> **Data below**:
· · · · · · ·
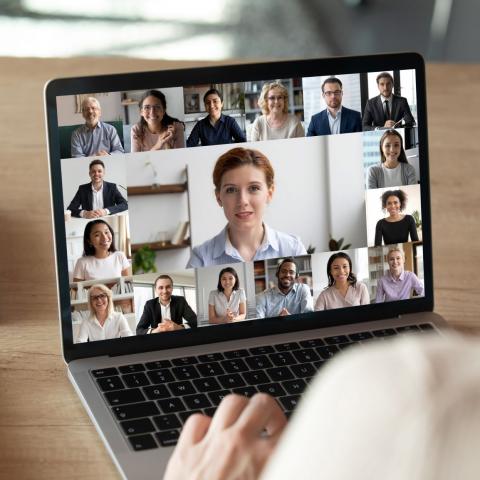 Back view of female employee talk on video call on laptop with diverse colleagues, have group web conference or meeting, woman worker engaged in webcam conversation with coworkers from home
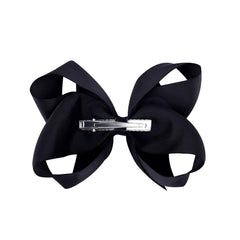 DEEKA closeup of the alligator-clip bow shows sturdy attachment and soft texture.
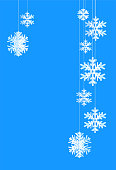 istock Hanging white paper snowflakes on blue background. 1357491756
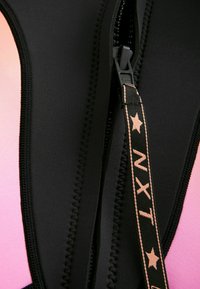 Une combinaison en néoprène noire avec un détail de fermeture éclair. Présente un design en dégradé passant du rose au noir, avec des coutures contrastantes et une languette de tirage à motifs en étoiles.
· · · · · · ·
> **Assigned task**:
This task calls for the listing to be restated exactly, with images omitted.

> **Task solution**:
 Back view of female employee talk on video call on laptop with diverse colleagues, have group web conference or meeting, woman worker engaged in webcam conversation with coworkers from home
 DEEKA closeup of the alligator-clip bow shows sturdy attachment and soft texture.
 istock Hanging white paper snowflakes on blue background. 1357491756
 Une combinaison en néoprène noire avec un détail de fermeture éclair. Présente un design en dégradé passant du rose au noir, avec des coutures contrastantes et une languette de tirage à motifs en étoiles.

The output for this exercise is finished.